→ Work order
One exact copy of the listing is needed. It should contain no pictures.

→ Dataset excerpt

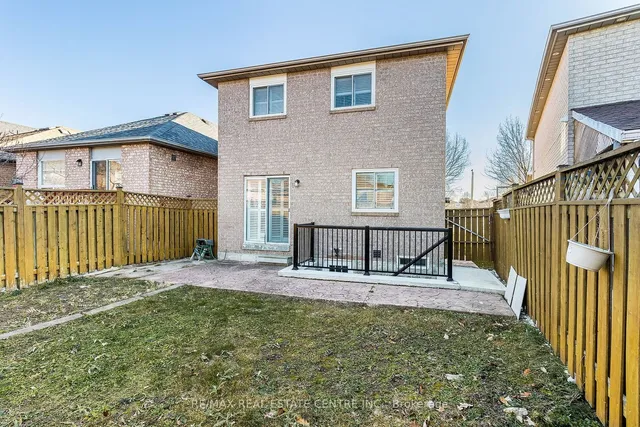 Primary image of 12 Trailridge Dr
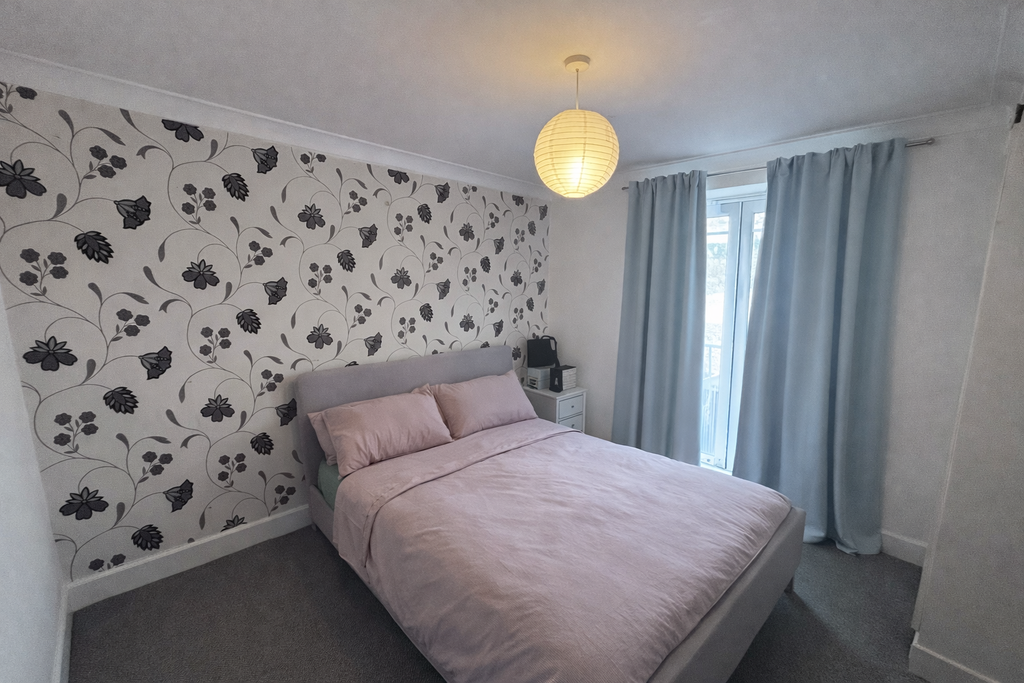 Property photo 3 of 5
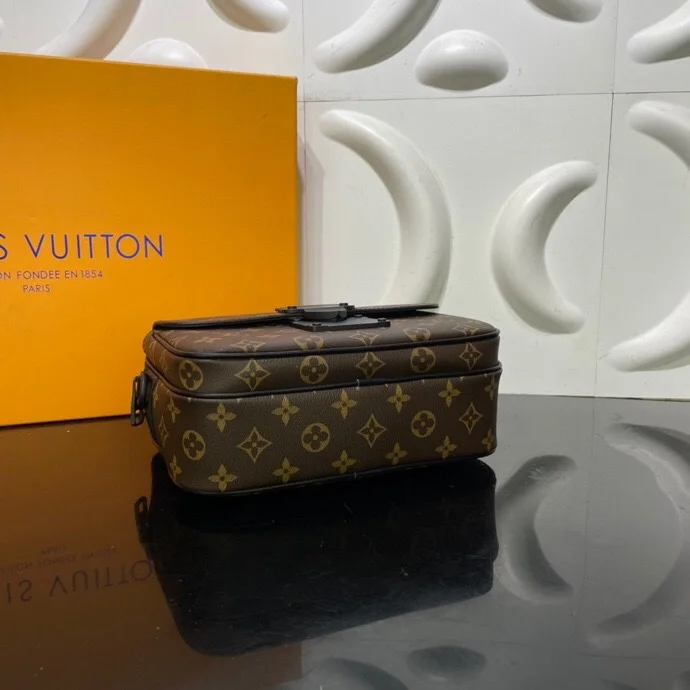 Louis Vuitton Satchel Bags FashionForward 41772
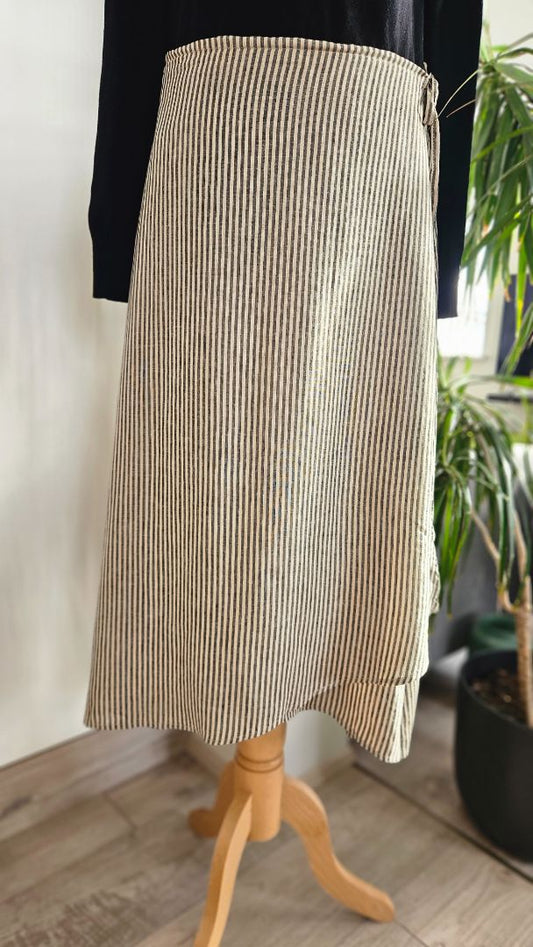 Wrapped linen skirt, M, Lindex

→ Written answer
 Primary image of 12 Trailridge Dr
 Property photo 3 of 5
 Louis Vuitton Satchel Bags FashionForward 41772
 Wrapped linen skirt, M, Lindex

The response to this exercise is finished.